[Short text fragments from websites]
---
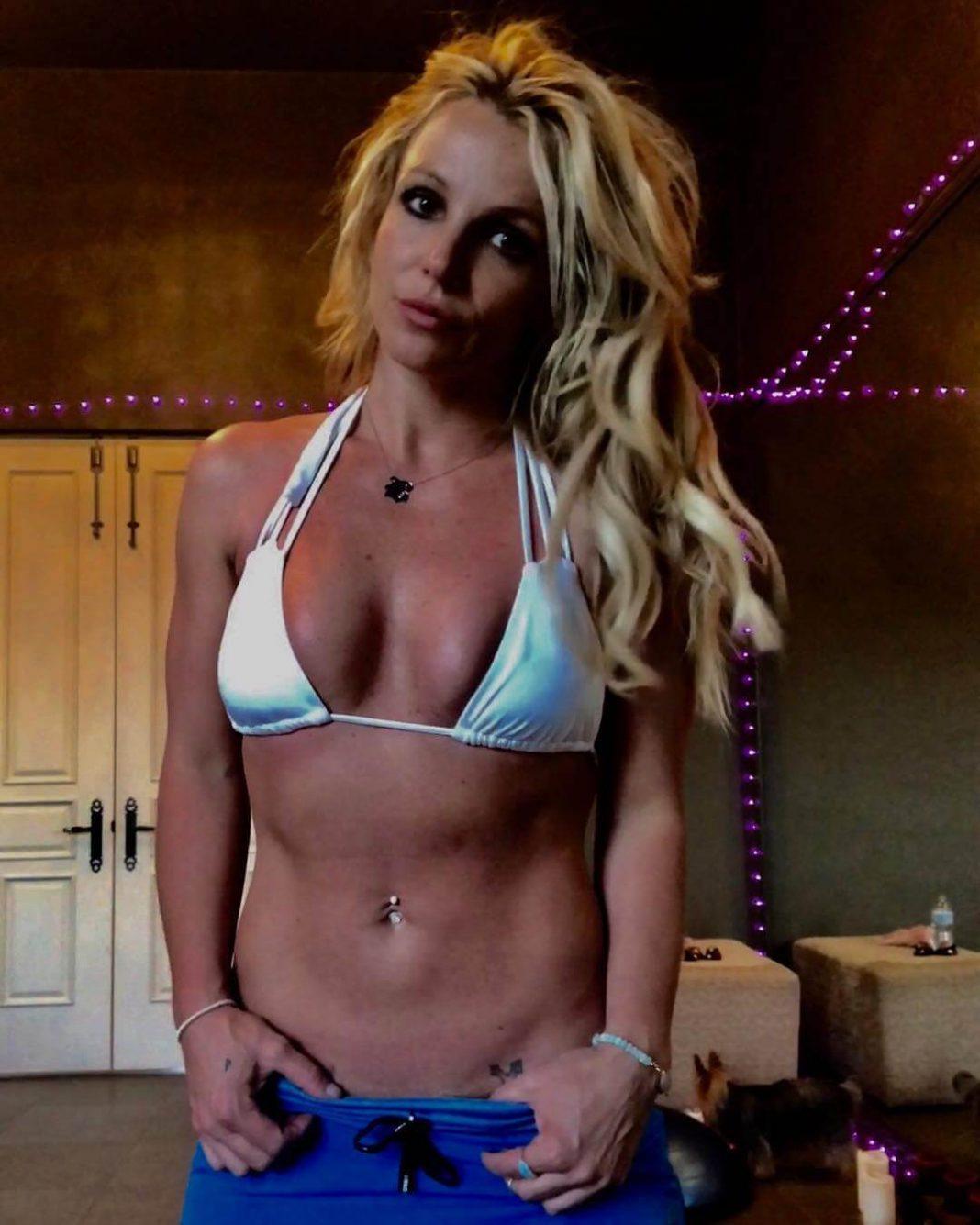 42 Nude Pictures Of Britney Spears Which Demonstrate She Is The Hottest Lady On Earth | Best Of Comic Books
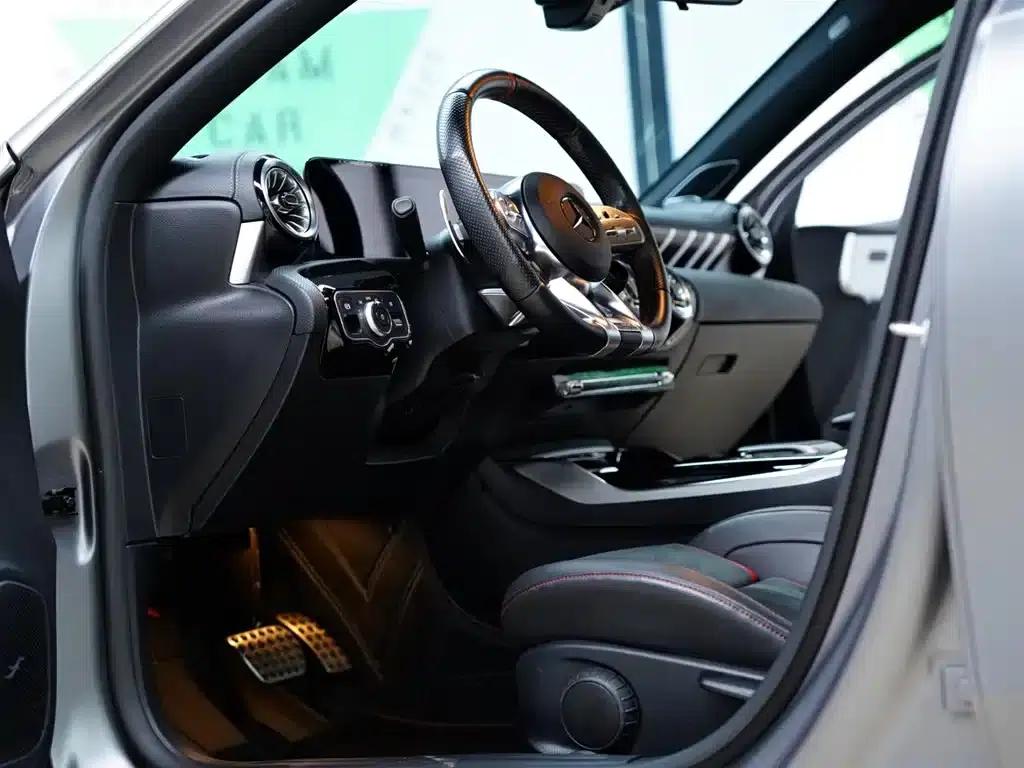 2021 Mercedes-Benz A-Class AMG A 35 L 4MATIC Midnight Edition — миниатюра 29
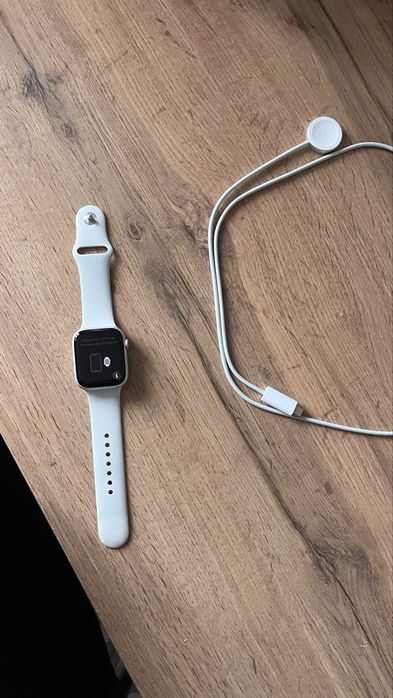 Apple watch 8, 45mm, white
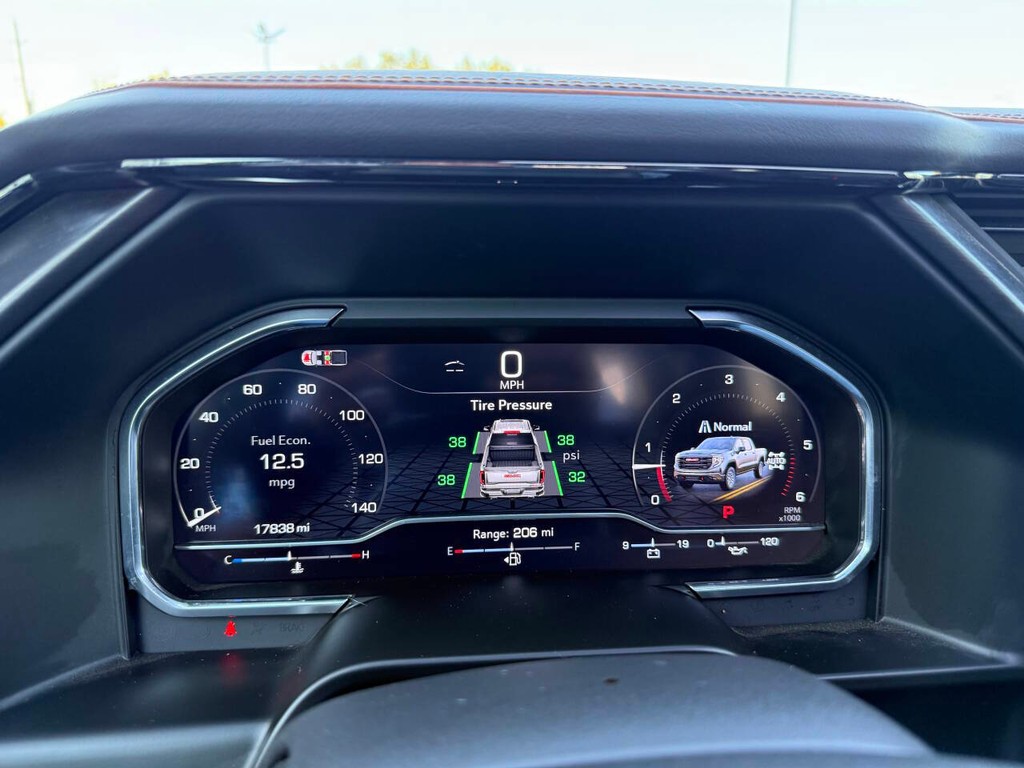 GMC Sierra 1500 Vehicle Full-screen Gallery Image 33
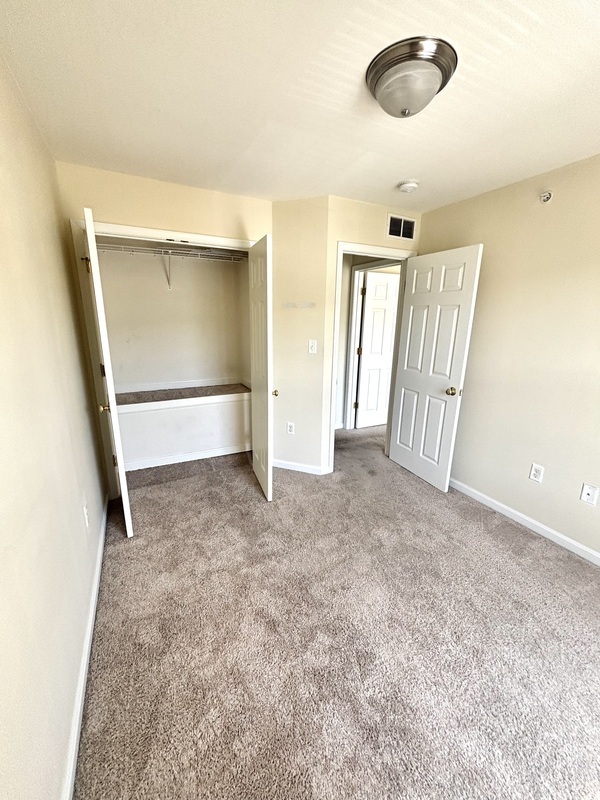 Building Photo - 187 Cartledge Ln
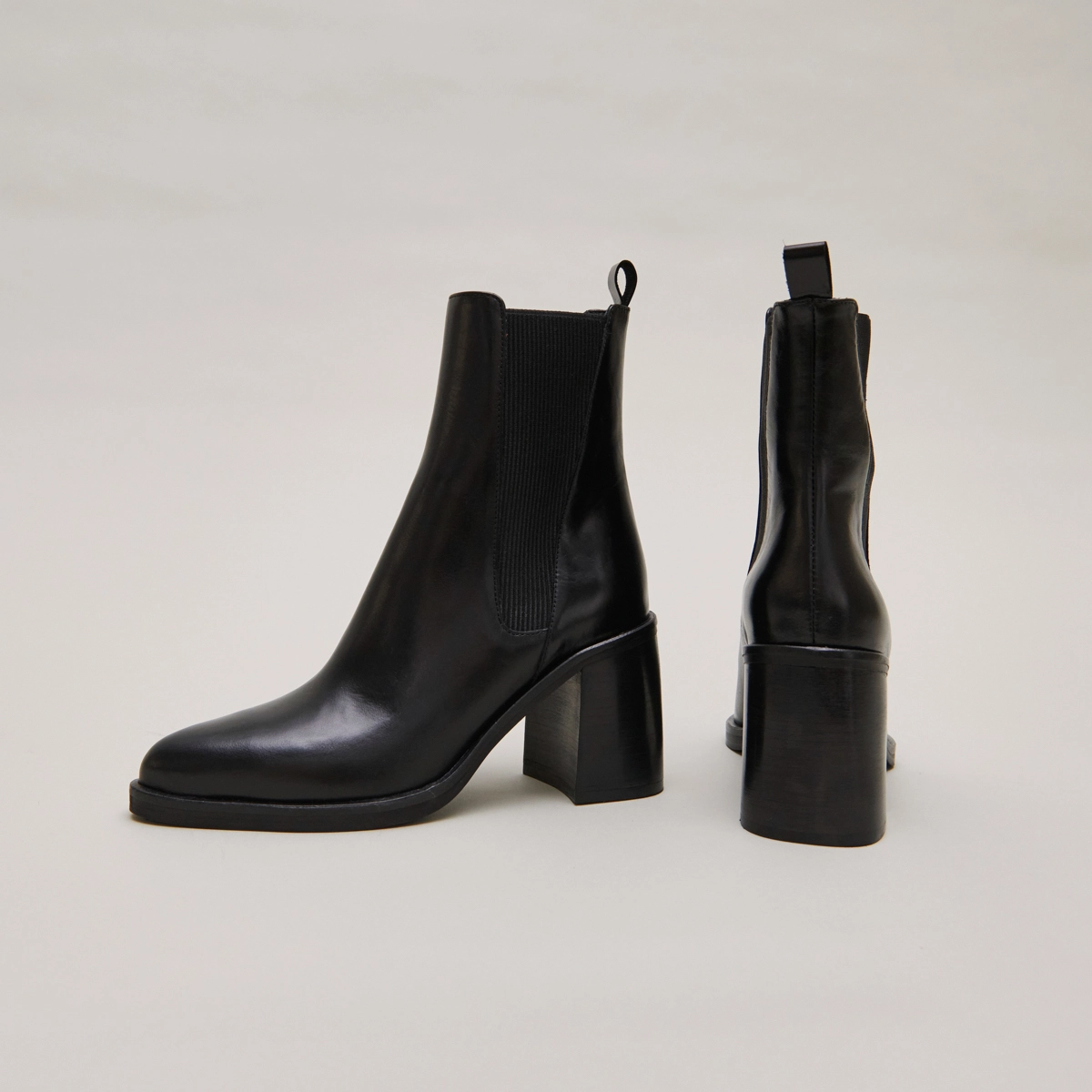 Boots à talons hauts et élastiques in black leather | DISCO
---
## [Task directions]
Give back each line above exactly, with pictures dropped.

## [Response area]
 42 Nude Pictures Of Britney Spears Which Demonstrate She Is The Hottest Lady On Earth | Best Of Comic Books
 2021 Mercedes-Benz A-Class AMG A 35 L 4MATIC Midnight Edition — миниатюра 29
 Apple watch 8, 45mm, white
 GMC Sierra 1500 Vehicle Full-screen Gallery Image 33
 Building Photo - 187 Cartledge Ln
 Boots à talons hauts et élastiques in black leather | DISCO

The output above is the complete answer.